Dalam menghadapi konseli yang semacam ini, yaitu konseli yang memandang
dunia dengan gambaran pandangan yang positif, konselor harus mampu
mengendalikan suasana dan diharapkan mampu memahami apa yang dipikirkan oleh
konselinya sehingga proses konseling akan berjalan dengan lancar tanpa ada satu
pun kesalah pahaman yang terjadi.
b. Membedakan perilaku yang menggambarkan pandangan negatif
Seorang konselor dituntut untuk bisa mengerti dan memahami kondisi
psikologis konseli, memahami disini bisa diartikan bahwa seorang konselor mampu
membedakan pandangan-pangdangan yang diungkapkan konselinya mengenai dunia luar
maupun pandangan-pandangannya terhadap dirinya sendiri.

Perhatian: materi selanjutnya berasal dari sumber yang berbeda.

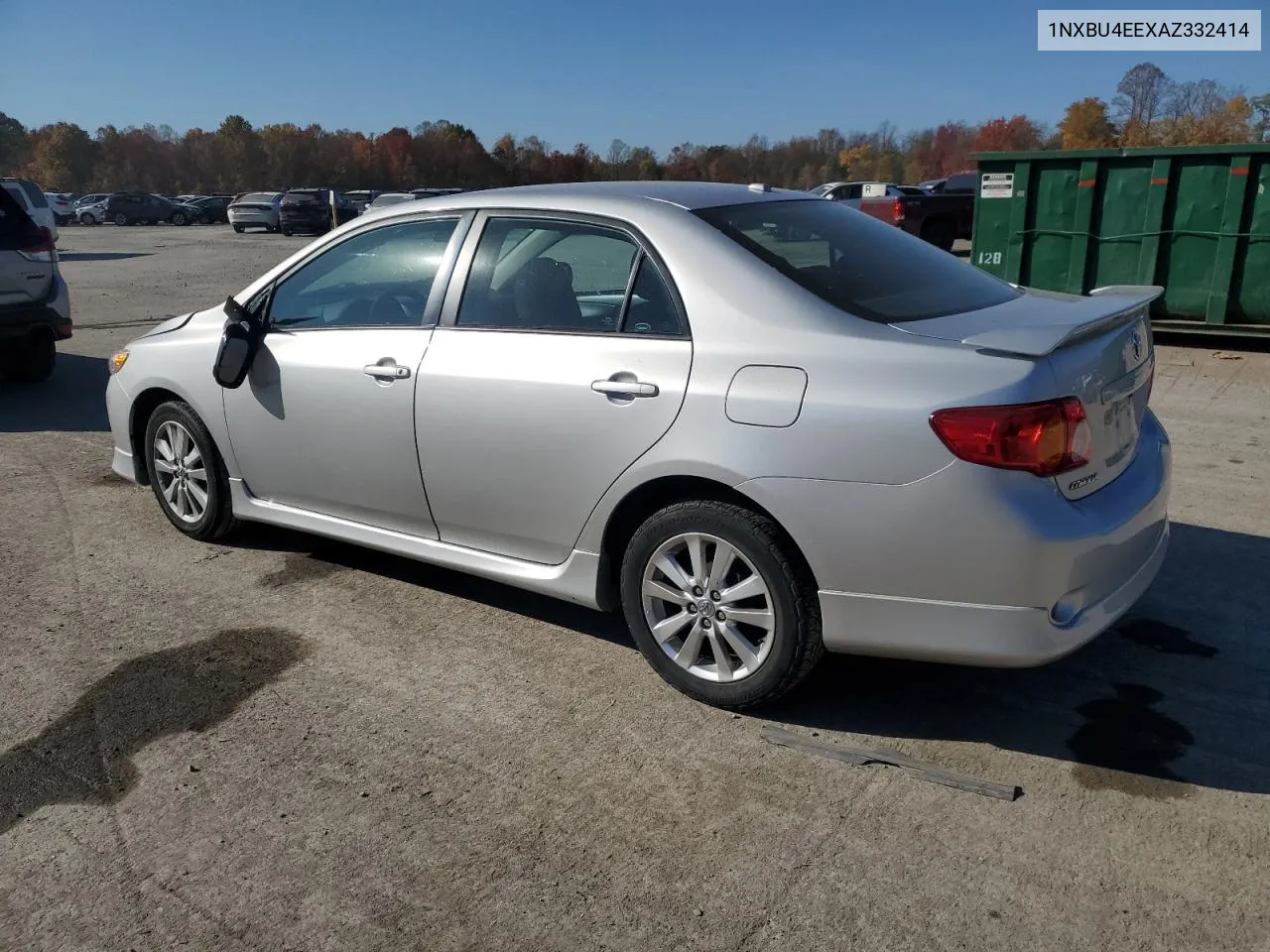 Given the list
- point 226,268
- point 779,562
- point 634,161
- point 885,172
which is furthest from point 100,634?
point 885,172

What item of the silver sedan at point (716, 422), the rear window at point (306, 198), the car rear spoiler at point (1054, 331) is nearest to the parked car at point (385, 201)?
the silver sedan at point (716, 422)

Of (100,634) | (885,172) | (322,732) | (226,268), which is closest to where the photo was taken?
(322,732)

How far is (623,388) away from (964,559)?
1.22 m

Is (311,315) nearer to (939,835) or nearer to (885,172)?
(939,835)

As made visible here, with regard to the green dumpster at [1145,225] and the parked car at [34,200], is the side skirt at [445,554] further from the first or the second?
the parked car at [34,200]

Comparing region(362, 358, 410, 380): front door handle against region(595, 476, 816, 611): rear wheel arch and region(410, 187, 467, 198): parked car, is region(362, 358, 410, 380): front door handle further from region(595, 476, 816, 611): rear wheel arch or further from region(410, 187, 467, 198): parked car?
region(595, 476, 816, 611): rear wheel arch

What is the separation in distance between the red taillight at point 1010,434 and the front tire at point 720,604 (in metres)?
0.63

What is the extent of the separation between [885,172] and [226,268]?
86260 millimetres

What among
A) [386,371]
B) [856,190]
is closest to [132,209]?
[856,190]

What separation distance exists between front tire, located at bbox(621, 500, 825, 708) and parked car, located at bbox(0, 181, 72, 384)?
7.27 m

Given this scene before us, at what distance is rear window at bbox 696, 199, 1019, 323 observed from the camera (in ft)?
11.5

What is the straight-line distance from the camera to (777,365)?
3.29m

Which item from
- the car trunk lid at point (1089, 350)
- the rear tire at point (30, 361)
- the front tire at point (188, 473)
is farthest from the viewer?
the rear tire at point (30, 361)

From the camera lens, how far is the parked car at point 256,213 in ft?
131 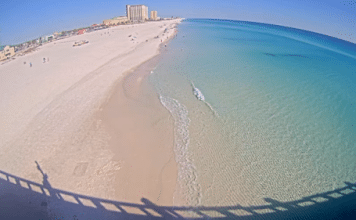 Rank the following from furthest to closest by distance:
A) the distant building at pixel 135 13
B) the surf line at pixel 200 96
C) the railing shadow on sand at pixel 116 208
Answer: the distant building at pixel 135 13 → the surf line at pixel 200 96 → the railing shadow on sand at pixel 116 208

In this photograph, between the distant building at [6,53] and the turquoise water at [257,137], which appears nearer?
the turquoise water at [257,137]

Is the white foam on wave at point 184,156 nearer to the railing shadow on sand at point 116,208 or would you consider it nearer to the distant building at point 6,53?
the railing shadow on sand at point 116,208

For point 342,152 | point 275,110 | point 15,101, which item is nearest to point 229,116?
point 275,110

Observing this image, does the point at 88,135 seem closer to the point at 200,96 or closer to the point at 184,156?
the point at 184,156

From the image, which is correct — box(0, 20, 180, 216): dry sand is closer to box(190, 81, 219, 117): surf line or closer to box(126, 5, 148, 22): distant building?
box(190, 81, 219, 117): surf line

Konselor diharapkan mampu membedakan pandangan-pandangan konseli mana
yang negatif dan mana pandangan yang positif sehingga nantinya dalam penanganan
terhadap konseli akan lebih efektif.
c. Membedakan individu yang berpotensi dalam layanan bimbingan dan konseling
Konselor harus mampu membedakan mana konseli yang berpotensi dan mana
konseli yang kurang menunjukkan adanya potensi diri. Pengetahuan tentang hal
ini bisa membantu konselor dalam menjalankan tugasnya. Dalam elayanan bimbingan
dan konseling tidak mungkin seorang konselor memberikan perlakuan yang sama
antara semua konselinya tanpa memperhatikan kondisi psikologis maupun
kondisi-kondisi lain yang dimiliki oleh konselinya. Menangani konseli yang
memiliki potensi yang tinggi hendaknya berbeda apabila dibandingkan dengan
menangani konseli yang memiliki tingkat potensi diri yang lebih rendah. Hal ini
tentu saja bukan dengan maksud membeda-bedakan atau pilih kasih terhadap
konseli, namun demi keefektifan jalannya proses konseli sendiri.
3.
Konselor yang
menjunjung tinggi harkat dan martabat manusia, antara lain memiliki kemampuan:
a. Menerapkan perbedaan budaya yang berperspektif gender dalam pelayanan
bimbingan dan konseling
Dalam memberikan
pelayanan bimbingan dan konseling, seeorang harus memperhatikan banyak aspek
demi kelancaran dan kelangsungan jalannya konseling. Aspek tersebut diantaranya
adalah perbedaan gender. Perbedaan gender melahirkan gender pria dan gender
wanita. Masing-masing jenis gender ini memiliki karakteristik psikologis dan
fisiologis yang berbeda. Oleh karenanya konselor harus cermat dalam melakukan
hal-hal seperti respon terhadap pembicaraan konseli, saran yang akan diberikan,
dan hal-hal lain yang berkaitan dengan perbedaan karakteristik gender tersebut.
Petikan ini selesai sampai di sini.